Without an Electoral Committee, this month’s elections cannot go ahead.
In an unexpected twist on Friday evening, Ace Ncobo, who is the opposing candidate to current Safa president Danny Jordaan, claimed that he had received confirmation from the IEC that it would distance itself from the country’s football mother body up until they had “dealt with their internal issues”.
Kate Bapela, who is the IEC spokesperson, verified Ncobo’s statement hours later.
A former PSL referee and general manager, Ncobo has accused Safa of “gross violation” of several rules in the Fifa as well as CAF constitution by shifting the date of the elections (brought forward from September to March this year), failing to send him the meeting pack as he is now an eligible candidate and supplying him with the audited financial statements of the association.

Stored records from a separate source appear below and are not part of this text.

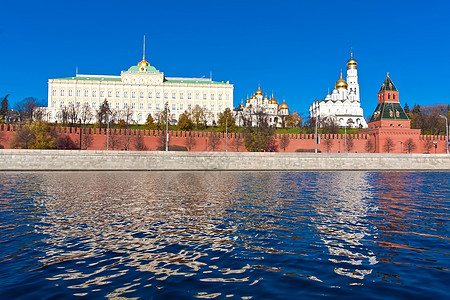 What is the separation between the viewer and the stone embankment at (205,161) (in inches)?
1300

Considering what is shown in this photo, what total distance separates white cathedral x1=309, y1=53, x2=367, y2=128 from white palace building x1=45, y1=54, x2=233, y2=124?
2469 cm

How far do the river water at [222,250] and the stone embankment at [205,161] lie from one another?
21.8 meters

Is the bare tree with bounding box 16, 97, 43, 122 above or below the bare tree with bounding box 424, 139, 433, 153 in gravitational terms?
above

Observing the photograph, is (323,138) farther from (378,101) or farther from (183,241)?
(183,241)

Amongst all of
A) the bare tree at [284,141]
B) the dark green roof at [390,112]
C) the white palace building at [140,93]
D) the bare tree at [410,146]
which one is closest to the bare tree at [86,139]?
the bare tree at [284,141]

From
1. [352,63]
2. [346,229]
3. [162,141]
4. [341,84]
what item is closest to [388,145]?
[162,141]

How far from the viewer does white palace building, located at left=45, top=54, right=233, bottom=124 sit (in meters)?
81.2

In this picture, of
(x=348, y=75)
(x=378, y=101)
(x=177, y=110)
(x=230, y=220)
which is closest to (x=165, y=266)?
(x=230, y=220)

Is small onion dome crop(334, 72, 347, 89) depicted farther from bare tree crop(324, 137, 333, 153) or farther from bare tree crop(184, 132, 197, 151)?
bare tree crop(184, 132, 197, 151)

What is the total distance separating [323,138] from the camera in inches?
1908

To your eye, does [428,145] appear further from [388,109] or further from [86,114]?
[86,114]

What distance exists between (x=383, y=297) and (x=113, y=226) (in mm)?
6625

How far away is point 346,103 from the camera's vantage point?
300ft

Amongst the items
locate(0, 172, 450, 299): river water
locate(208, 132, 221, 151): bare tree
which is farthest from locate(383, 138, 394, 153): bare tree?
locate(0, 172, 450, 299): river water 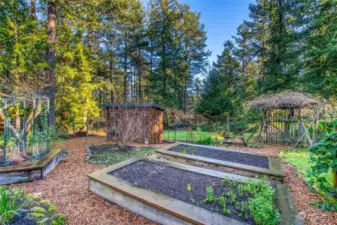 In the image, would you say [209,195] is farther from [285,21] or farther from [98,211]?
[285,21]

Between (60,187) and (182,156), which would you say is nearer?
(60,187)

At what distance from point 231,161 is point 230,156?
57 cm

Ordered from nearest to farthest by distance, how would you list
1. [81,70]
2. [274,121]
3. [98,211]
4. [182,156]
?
[98,211], [182,156], [274,121], [81,70]

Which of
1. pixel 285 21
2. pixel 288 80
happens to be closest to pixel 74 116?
pixel 288 80

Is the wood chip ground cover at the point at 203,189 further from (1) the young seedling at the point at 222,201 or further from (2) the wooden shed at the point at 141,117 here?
(2) the wooden shed at the point at 141,117

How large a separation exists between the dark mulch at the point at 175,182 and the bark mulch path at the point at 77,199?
1.76ft

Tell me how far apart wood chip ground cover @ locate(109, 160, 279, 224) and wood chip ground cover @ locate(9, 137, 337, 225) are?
539 mm

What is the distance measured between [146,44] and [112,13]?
525 centimetres

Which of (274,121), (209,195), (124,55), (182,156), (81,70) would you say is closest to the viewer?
(209,195)

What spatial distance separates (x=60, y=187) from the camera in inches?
140

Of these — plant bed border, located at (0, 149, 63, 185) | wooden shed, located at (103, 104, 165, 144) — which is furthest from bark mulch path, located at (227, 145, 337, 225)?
wooden shed, located at (103, 104, 165, 144)

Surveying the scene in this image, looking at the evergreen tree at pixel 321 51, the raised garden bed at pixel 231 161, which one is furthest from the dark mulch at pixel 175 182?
the evergreen tree at pixel 321 51

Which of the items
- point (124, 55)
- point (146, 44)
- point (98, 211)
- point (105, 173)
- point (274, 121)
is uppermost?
point (146, 44)

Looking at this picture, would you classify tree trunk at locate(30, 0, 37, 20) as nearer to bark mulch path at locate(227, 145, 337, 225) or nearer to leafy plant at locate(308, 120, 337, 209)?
leafy plant at locate(308, 120, 337, 209) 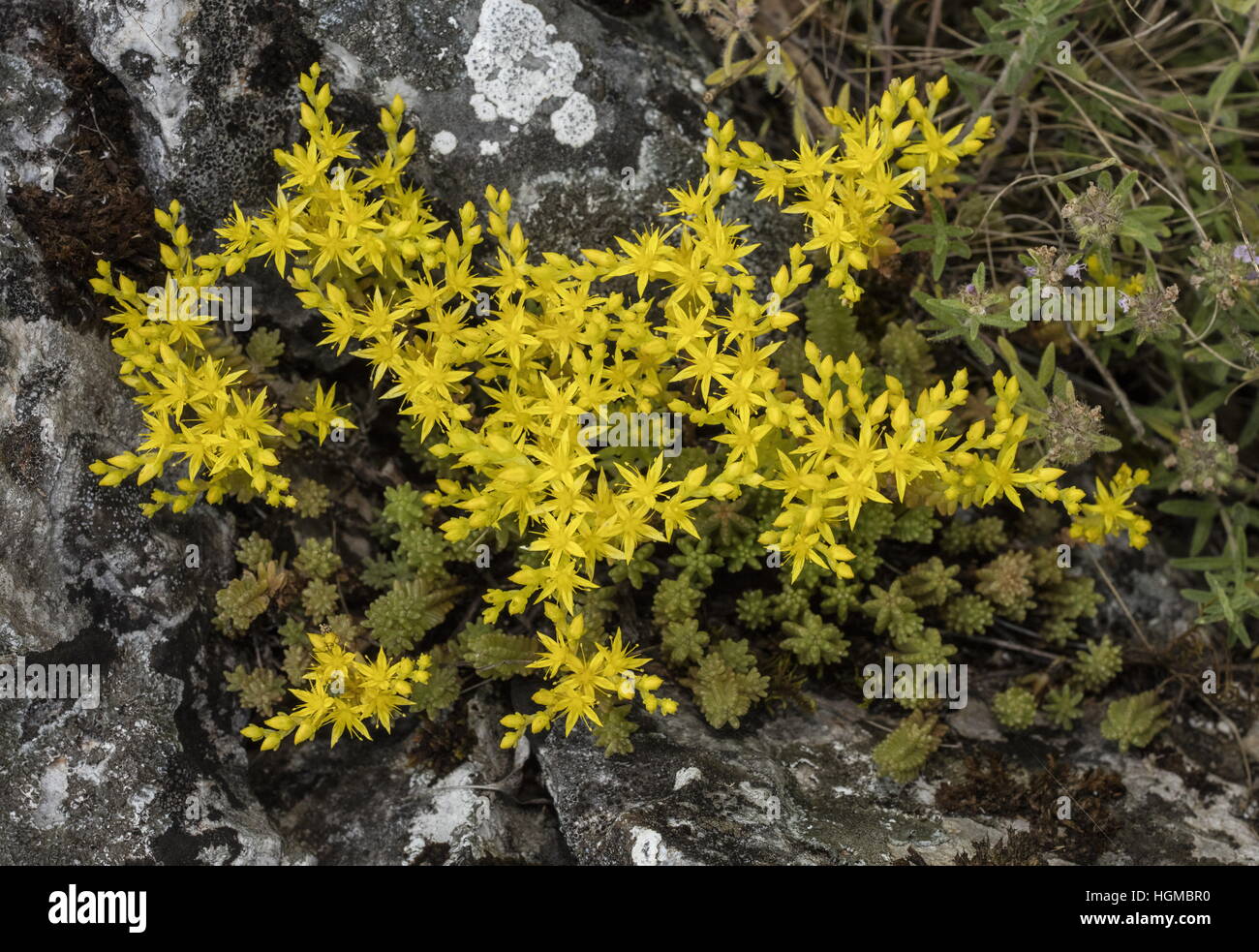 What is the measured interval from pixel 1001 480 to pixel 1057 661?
115 cm

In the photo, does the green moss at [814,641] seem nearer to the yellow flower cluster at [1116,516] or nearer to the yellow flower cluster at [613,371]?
the yellow flower cluster at [613,371]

“This is news to us. This is unethical and unprofessional from a body that has handled our regional elections and now suddenly feel there is something wrong when we are about to go national.” said Safa CEO Mumble on Saturday afternoon.
“The IEC has not communicated anything to us officially. I also need to find out how authentic this letter from Ace is. The people we work with in the IEC here in Johannesburg don’t know anything about this.
“They are surprised to have received the letter through Ace’s lawyers. But if it is true, then we will take the IEC to court.
“It’s unprincipled of them to reply to a candidate. They can’t unilaterally decide to terminate and withdraw from our contract.
“Just this week the IEC were still waiting for a formal objection from Ace.”
Ncobo emerged as a surprise candidate two weeks ago when he received a single nomination from the Amathole region in the Eastern Cape, while Jordaan racked up an overwhelming 52 votes (Safa has 52 regions, with the PSL a special member).
Before then, any attempts by potential candidates, among them former Bafana Bafana captain Lucas Radebe, axed national team coach Shakes Mashaba and Chief Mwelo Nonkonyana – who was fired by Safa in 2014 from his role as deputy president and national executive member – were blocked by the association’s constitution to challenge the incumbent as they were either not eligible to run or were not the preferred candidates according to the Safa structures they represent, as was the case with Mashaba.
Now this month’s elections hinges on whether Mumble will be successful by seeking legal recourse from Monday.
“Members unanimously voted to have elections in March, but now they are now being overruled by the IEC itself, which is supposed to be a neutral body,” said Mumble, who returned from a CAF symposium in Morocco on Friday to be greeted by news that Safa may have to postpone its elective congress.
“They have decided to take sides. We are shocked. It is very unprofessional to do this. The IEC did not give us an opportunity to respond to allegations by anyone.
“We were still working with the Gauteng office as recent as March 6, which was on Tuesday. There was no indication that anything was wrong.
“When I came back from Morocco I reached out to their deputy chair last night (Friday) and he said he would get back to me, but he hasn’t. They are treating us like dirt, and we are going to also take this to Parliament.”
Jordaan has been Safa president since September 2013 and is seeking a second term in office to see through Vision 2022 of the organisation.